Could you output, word for word, only the lines from the line with "Paeony Bomb 'Red Charm'" to the end of the entries, including both ends? Omit the pictures.

*** Data under study Section Begins ***

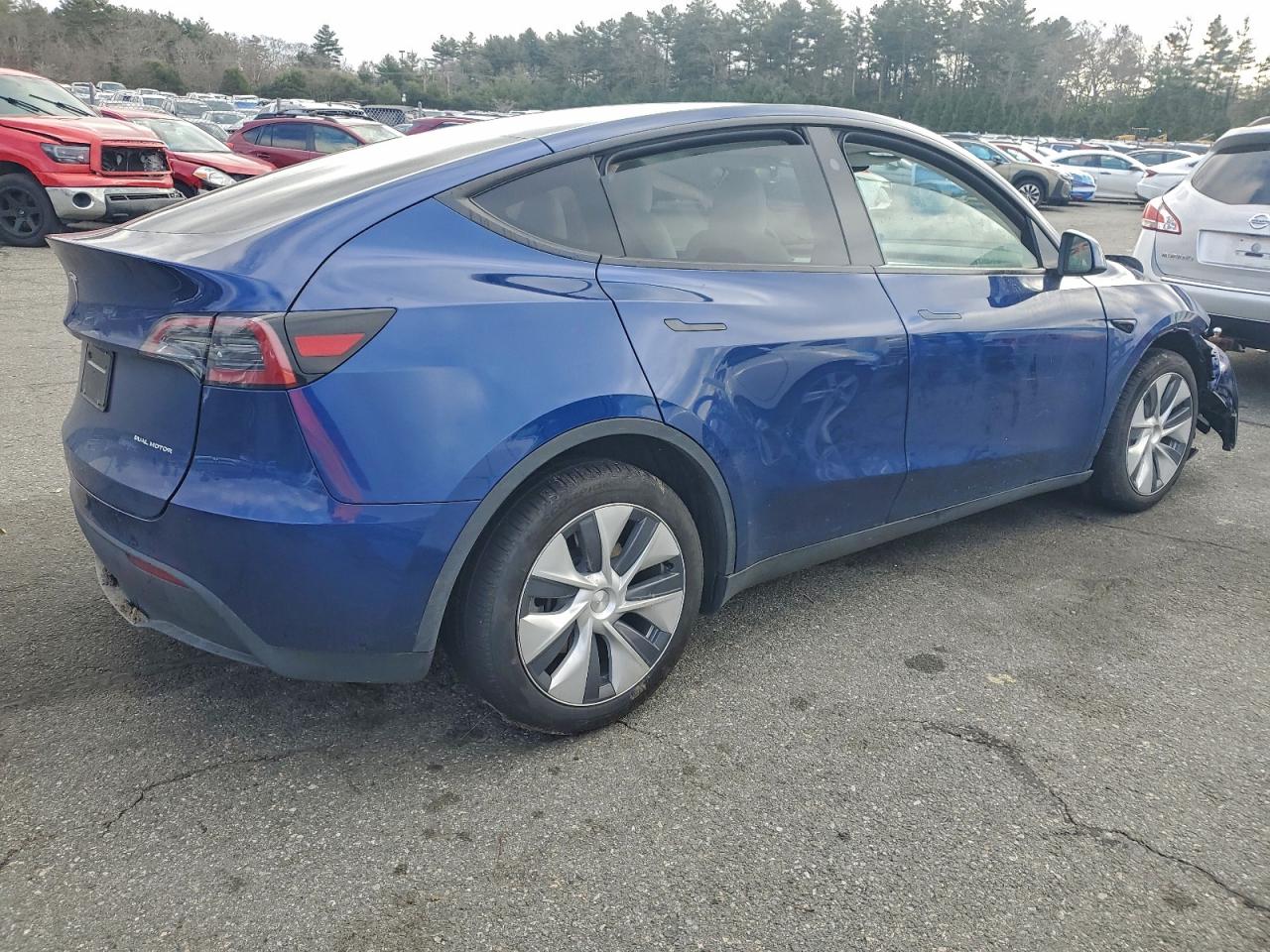 Tesla Model Y Image 13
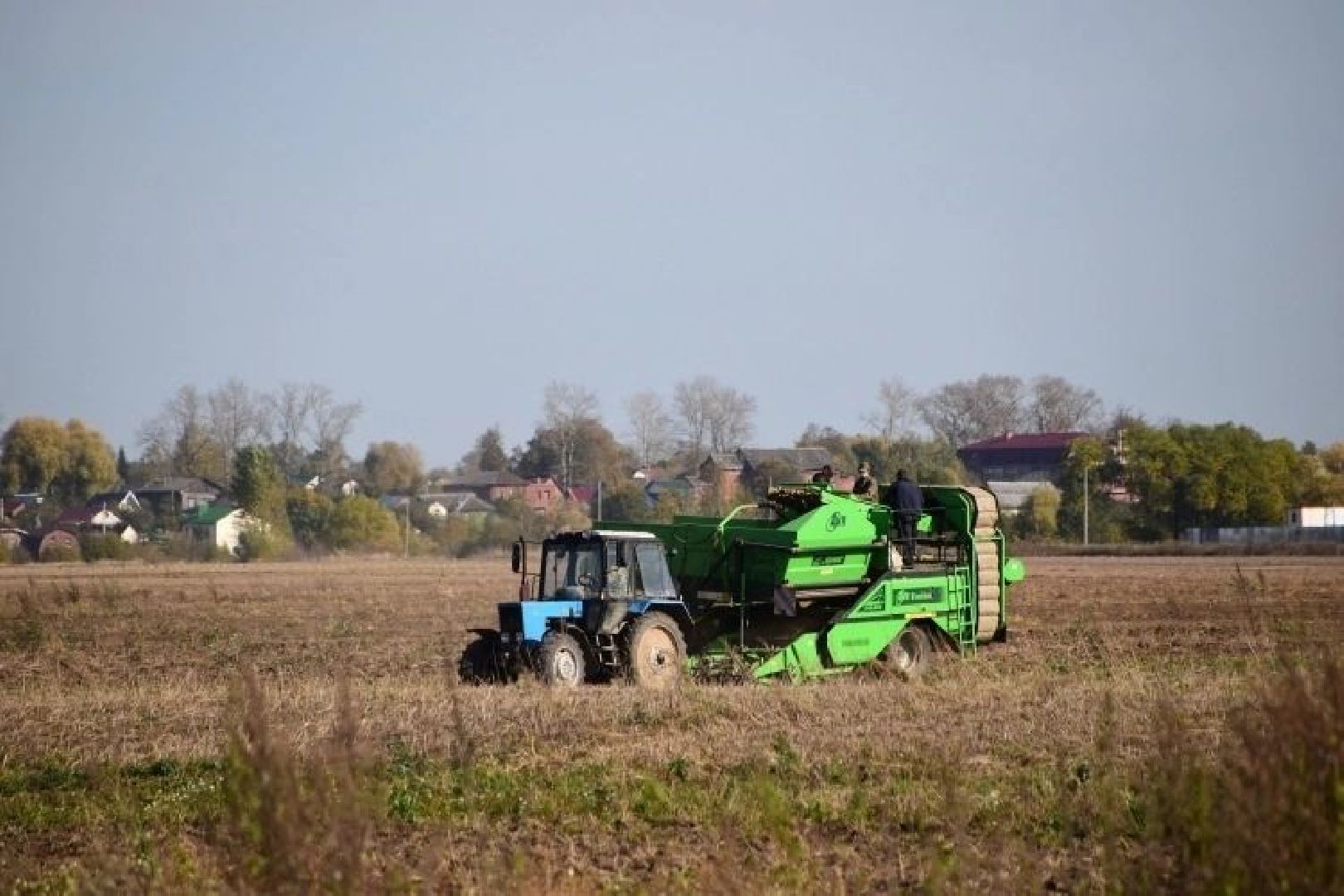 экономика, сельское хозяйство, воскресенск, овощи, урожай,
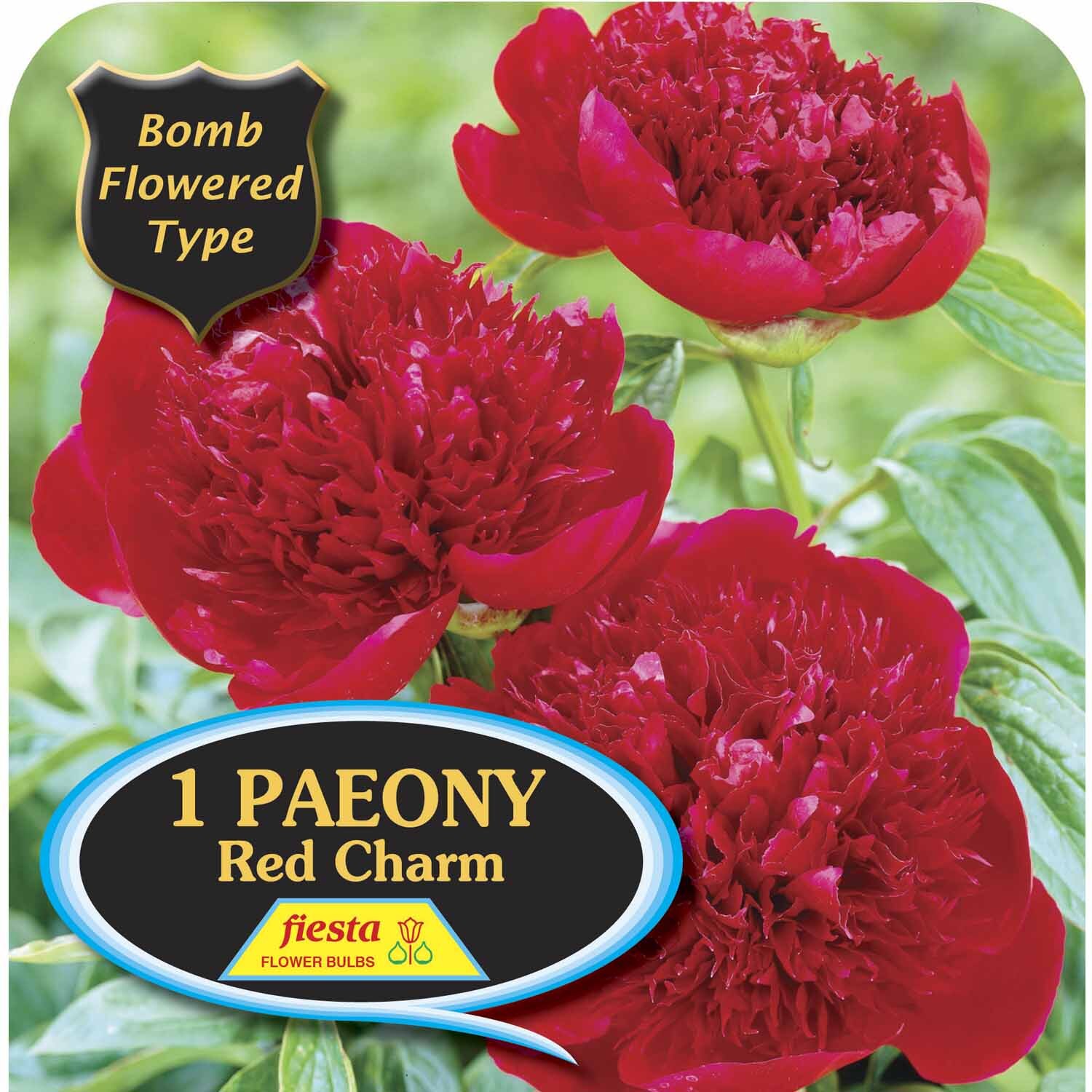 Paeony Bomb 'Red Charm'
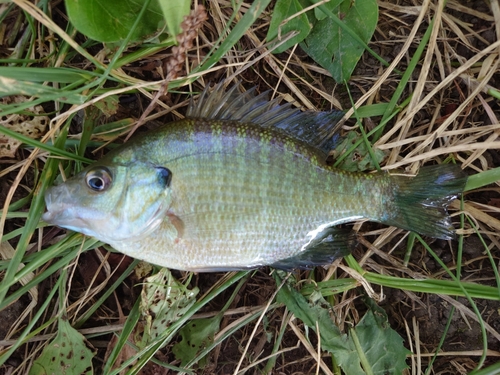 ブルーギルの釣果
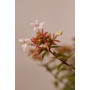 Abelia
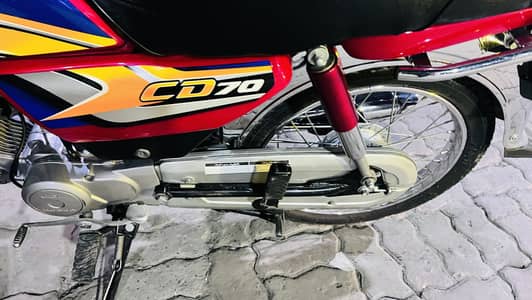 2025 70 lush condition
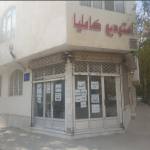 استودیو کاملیا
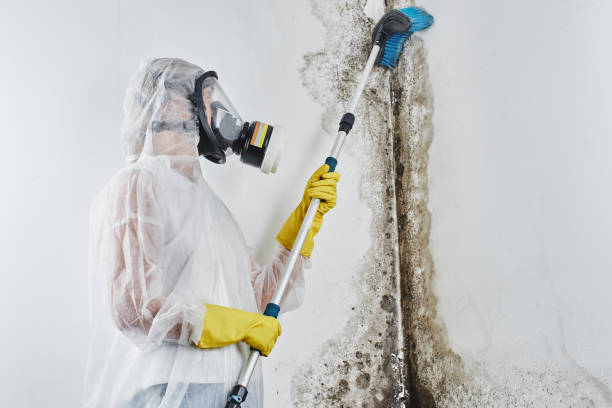 Professional Mold Removal in Creswell, OR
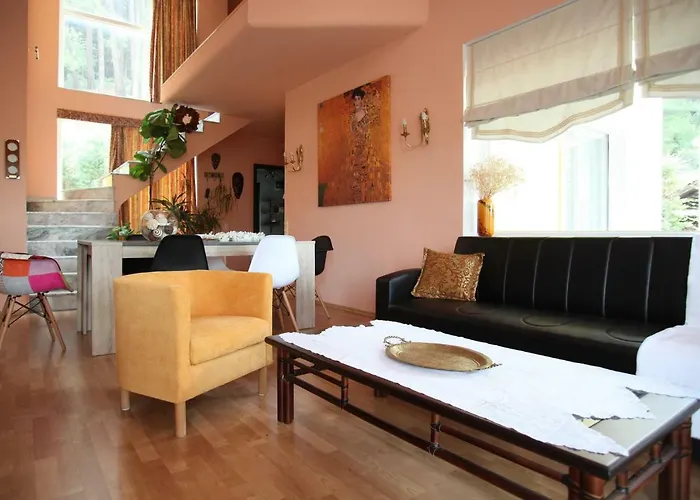 Six Steps From The Forest Zigos (Kavala)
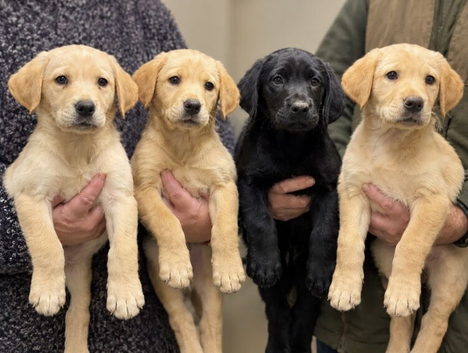 Beautiful Yellow Labrador Retriever Puppies - Working Lines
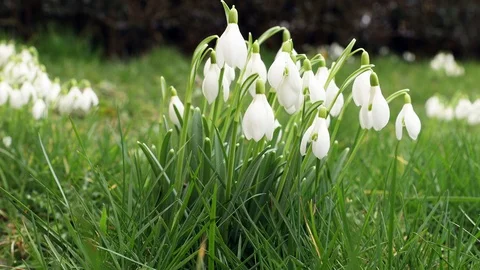 Spring snowdrops in the grass Stock Footage 124848914
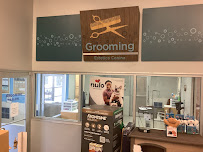 Petco - Photo 2 - Car repair in Pueblo, CO, Pueblo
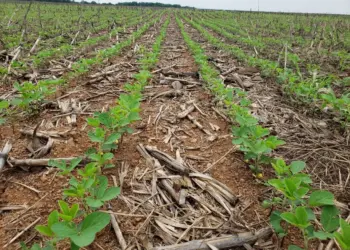 Frísia orienta cooperados no Tocantins para uma safra 2025/2026 mais eficiente e sustentável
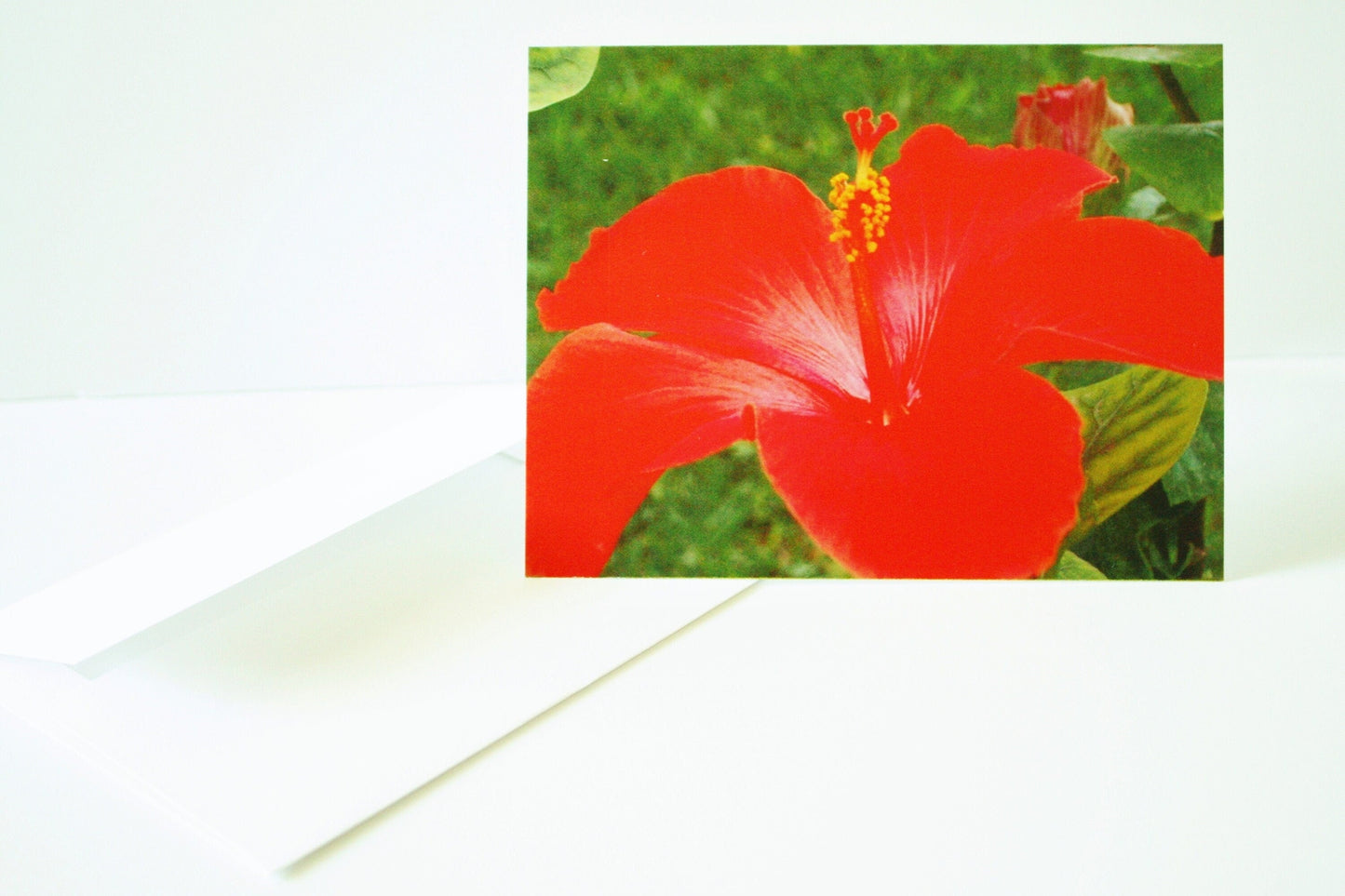 Blank Note Cards & Envelopes Original Photographs Many designs available Flower lovers personal gift unique photo card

*** Data under study Section Ends ***

- _Response to the exercise_
 Paeony Bomb 'Red Charm'
 ブルーギルの釣果
 Abelia
 2025 70 lush condition
 استودیو کاملیا
 Professional Mold Removal in Creswell, OR
 Six Steps From The Forest Zigos (Kavala)
 Beautiful Yellow Labrador Retriever Puppies - Working Lines
 Spring snowdrops in the grass Stock Footage 124848914
 Petco - Photo 2 - Car repair in Pueblo, CO, Pueblo
 Frísia orienta cooperados no Tocantins para uma safra 2025/2026 mais eficiente e sustentável
 Blank Note Cards & Envelopes Original Photographs Many designs available Flower lovers personal gift unique photo card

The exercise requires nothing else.